Avec l’arrivée de l’automne, les déesses des mort-e-s ou des enfers se font particulièrement pressantes. Leur insistance représente un défi à la face de notre queertiude. Perséphone et Hel se montrent presque moqueuses: Alors comme ça, tu veux éviter le binarisme? Non, parce que nous, en fait, on fonctionne avec les dualités.
Ok. Comment se confronter à leurs dualités alors? Elles sont faites de cycles. Dans leurs excès et dans leurs pôles, elles prônent une intégration. Sauf que celle-ci ne sera pas forcément fluide. Elle passera pas l’exacerbation des contrastes. Elle exigera un dialogue avec la mort. Ne pas la toiser, ne pas la craindre, ne pas la provoquer, ne pas chercher à la contrôler, ne pas lui donner un pouvoir excessif. Non, juste discuter. Intégrer. Les feuilles mortes joncheront bientôt le sol. Elles pourriront. Elles le nourriront. Les insectes et les vers feront leur oeuvre. Et les champignons. Et…

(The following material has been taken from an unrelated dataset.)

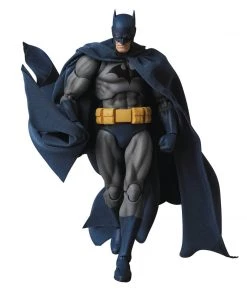 Medicom DC Comics Batman ("Batman: Hush" Ver.) MAFEX Action Figure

Une partie de ce qui est enfoui rejaillira. Les graines plantées germeront.
Une partie de nous, individu-e-s et collectifs, peut aussi s’engager dans un voyage sans assurance de retour. Les cailloux laissés sur notre passage seront peut-être emportés par le courant. Mais au moins, on est plus légèr-e-s. Dans certaines cavités, on pourra déposer des secrets qu’on n’a plus envie de porter. Dans certains brasiers, dans le creux de nos chaudrons ou sur nos tas de compost, on pourra jeter des éléments qui ne doivent plus être recyclés mais plus radicalement transformés, par des processus qui ne dépendent pas de nous. Quels sont les schémas qui nous empêchent d’avancer?
Combien de temps va-t-on encore se les trimbaler? Quelles sont ces passions que l’ont s’est refusées? Cet appel du mysticisme qu’on a envoyé chier? Quelles sont les histoires qu’on souhaite amener dans notre quotidien et celles qu’on veut vivre à travers nos rêves, nos voyages astraux ou nos rituels? Est-ce que la puissance de ces récits symboliques et de ces connexions au-delà des dimensions peut nous transformer autant que ce qui se passe à la surface de nos émotions? Est-ce qu’on veut vraiment se balader sur les frontières et en tester timidement la porosité? Est-ce une métaphore pertinente à l’heure où les gouvernements dressent des murs ou laissent se noyer dans les océans?
Se promène-t-on sur le fil de nos envies mitigées sans se risquer à explorer? Ne devrait-on pas partir dans un voyage dans l’inconnu de l’autre monde (6 de couteaux), comme le fait Perséphone l’automne venu, tandis que, parallèlement, dans le confort de ce qu’on connaît bien (9 de pentacles), tangible, concret, on déploierait nos compétences pour agir pour la transformation sociale?
En invoquant les déesses des Enfers comme Perséphone ou Hel, ne nous invitons-nous pas avant tout à explorer les polarités de part et d’autre du fossé? Ici et ailleurs, présent-e-s pour les multiples visages de nos actions. En intégrant leurs messages, n’intégrons-nous pas des puissances plus divines et plus pratico-pratiques à la fois? Résolument terriennes, absolument mystiques et mythiques et forcément combatives, transformatrices, héroïques dans la capacité de questionner en profondeur, de bouleverser et de développer.
En ces temps où l’extrême-droite et les politiques de haine ravagent une bonne partie du monde et où le capitalisme vient à bout de la planète, des individu-e-s et de la magie, les déesses nous enjoignent à ne pas dormir sur nos deux oreilles. Elles refusent de voir du positif dans les politiques d’austérité ou dans le traitement violent des migrant-e-s. Sans concessions, elles nous appellent à explorer notre radicalité. Elles nous demandent de chercher très très profondément dans le sol, la puissance de la renaissance. Il faudrait sans doute que le capitalisme, la suprématie blanche et le patriarcat meurent pour que naissent une plus grande justice sociale, environnementale etc. Les déesses sombres nous invitent à explorer nos options, nos contestations, nos moyens d’actions et, surtout, le monde que nous voulons. Elles nous invitent à mettre en place nos initiatives dès à présent. Il n’y a pas un avant et un après. Il y a un travail constant avec des transmissions, des démolitions, des récupérations, des renaissances, des rejets. Et des esprits bien plus ouverts, bien plus gigantesques, bien moins figés dans des mondes hérités du colonialisme, du christianisme, etc. Et des corps qui sont simultanément dans plusieurs siècles, plusieurs espaces, plusieurs solidarités.
Les déesses. Les sorcières. Des figures? Des archétypes? Des mythes? Des réalités physiques? Qui sait? Des rebelles qui conjurent une justice sociale? Oh oui!